De positieve stap van de DGED werd onlangs opgevolgd met een vergadering te Brussel. De dialoog beoogt de relaties tussen de DGED en de Veiligheid van de Staat in de toekomst te normaliseren. Vermits deze dialoog valt onder de wet betreffende de classificatie is het niet mogelijk om daarover meer details te geven. Ik stuur er in elk geval op aan dat deze normalisatie zeker plaats zou vinden.

Wat betreft de beweringen van de Marokkaanse ambassadeur in het desbetreffende artikel in het magazine MO, met name dat de spanningen tussen de Veiligheid van de Staat en DGED tot problemen tussen individuen terug te brengen zijn, is het ook daar, omwille van classificatie van informatie, juridisch niet mogelijk in detail op de specifieke rol van een inlichtingenofficier van de Veiligheid van de Staat in te gaan. Het lijkt evenwel zinvol eraan te herinneren, zoals ik zopas al aanhaalde, dat het louter bepaalde onvriendelijke en tussen twee partnerlanden moeilijk te accepteren gedragingen zijn geweest die de Veiligheid van de Staat ertoe hebben genoopt om te vragen, aan te dringen en uiteindelijk resultaat te bekomen inzake het treffen van een aantal maatregelen, wat zij ook heeft gedaan.”

8. Ik verwijs de senator naar het antwoord dat ik in de commissie voor de Justitie van de Kamer gegeven heb op 1 oktober 2009 en dat als volgt geformuleerd was:

“In het kader van de gerechtelijke onderzoeken deelde het federaal parket mij het volgende mee. De gerechtelijke onderzoeken naar de zes moorden en naar de terroristische groep rond Belliraj zijn nog altijd hangende. Men herhaalt mij dat het goede verloop van de aan de gang zijnde strafonderzoeken en het principe van het geheim van het strafonderzoek niet toelaten om meer details te verschaffen.”

9. Zoals aangehaald in het antwoord op vraag 7:

“Bovendien is de samenwerking tussen de Veiligheid van de Staat en de [DGST], haar “defensieve” Marokkaanse zusterdienst, zonder onderbreking voortgezet.”

Verder deel ik niet de mening volgens dewelke de Marokkaanse gemeenschap van België met Marokko beheerd moet worden. Aangezien België een soevereine Staat is, dient zij de bevolking te beheren die op haar grondgebied leeft, wat ook de nationaliteit van de individuen is en hun globaal belang in het geheel van de bevolking.

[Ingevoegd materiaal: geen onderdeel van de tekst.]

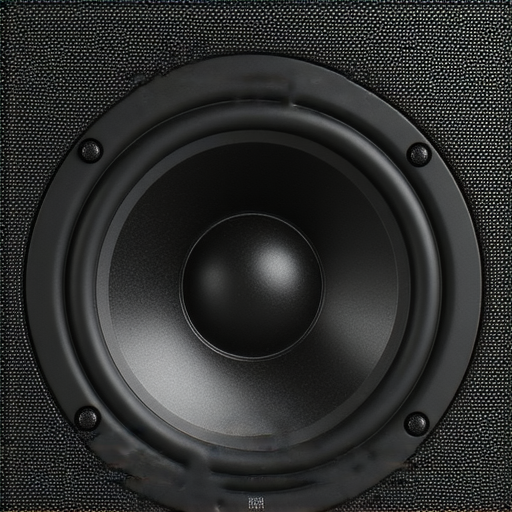 6 Ohm 喇叭展現精緻音質的特寫圖，突顯其高效能與專業維修服務的標示，讓音樂愛好者驚艷於音質提升的奧秘。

10. Tijdens mijn officieel bezoek aan Marokko op 2 en 3 november 2009 is er een ontmoeting geweest tussen mij en de heer Mohamed Yassine Mansouri, directeur-generaal van de DGED.

Hierop werd door beiden verwezen naar de reeds sedert lang bestaande belangrijke samenwerking tussen de inlichtingendiensten van beide landen en de noodzaak om deze in de toekomst nog te intensifiëren.

Een ontmoeting tussen beide diensthoofden wordt in de nabije toekomst gepland.

aComité I, Jaarverslag 2008, p. 39

bDe Kamer, Integraal verslag, commissie voor de Justitie, 1 oktober 2009, 52 COM 647, p. 41.

cDe Kamer, Integraal verslag, commissie voor de Justitie, 1 oktober 2008, 52 COM 317, p 36.

dDe Kamer, Integraal verslag, commissie voor de Justitie, 1 october 2009, 52 COM 647, p. 40-41.

eDe Kamer, Integraal verslag, commissie voor de Justitie, 1 oktober 2008, 52 COM 317, p 35.

fDe Kamer, Integraal verslag, commissie voor de Justitie, 17 december 2008, 52 COM 402, p. 3.

gDe Kamer, Integraal verslag, commissie voor de Justitie, 1 oktober 2009, 52 COM 647, p. 40.

hDe Kamer, Integraal verslag, commissie voor de Justitie, 1 oktober 2009, 52 COM 647, p. 42.